Niespełna dwa tygodnie temu niemiecki konsulat zorganizował w Gdańsku z udziałem polskich polityków, m.in. prezydenta Poznania Jacka Jaśkowiaka uroczystość upamiętniającą 80. rocznicę zamachu w Wilczym Szańcu, zorganizowanego przez Stauffenberga.

„Samorządowcy z Poznania i Pomorza, w polskim muzeum, wspólnie z niemieckimi dyplomatami, upamiętnili Stauffenberga - niemieckiego nazistę, bawarskiego arystokratę z koneksjami z rodziną królewską, imperialistę, zwolennika kolonizacji Polski i uczestnika podboju naszego kraju, współodpowiedzialnego za zbrodnie na Polakach i holokaust” – skomentował w mediach społecznościowych Krzysztof Bosak.

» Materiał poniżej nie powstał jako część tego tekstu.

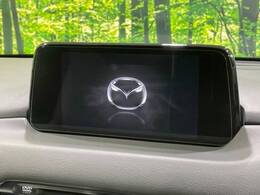 【マツダコネクトナビ】車内の雰囲気にマッチした一体型タイプのナビ。各種車輌設定やBluetooth再生等、様々な機能が楽しめます。直感的なダイヤル操作が可能で、使い勝手も良好です。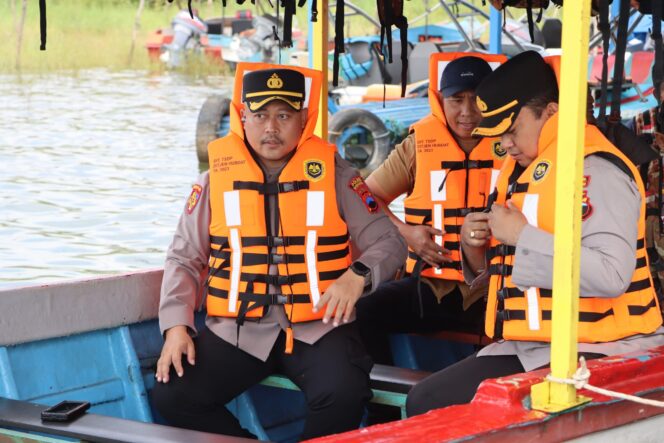
					Long Weekend, Kapolres Wonogiri Patroli di Obyek Wisata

Jak podkreślił polityk Konfederacji zamach na Hitlera zorganizowany przez czczonego teraz przez niektórych polskich polityków nazistę wynikał nie z tego, że Stauffenberg nie zgadzał się z wyznaczonymi przez Adolf Hitlera celami, ale ze „sposobem ich realizacji”.

Jak podkreślił Bosak „wybielanie czy czczenie Stauffenberga przez Polaków to bardzo poważny błąd polityków centrum i lewicy, który słusznie napiętnował IPN”.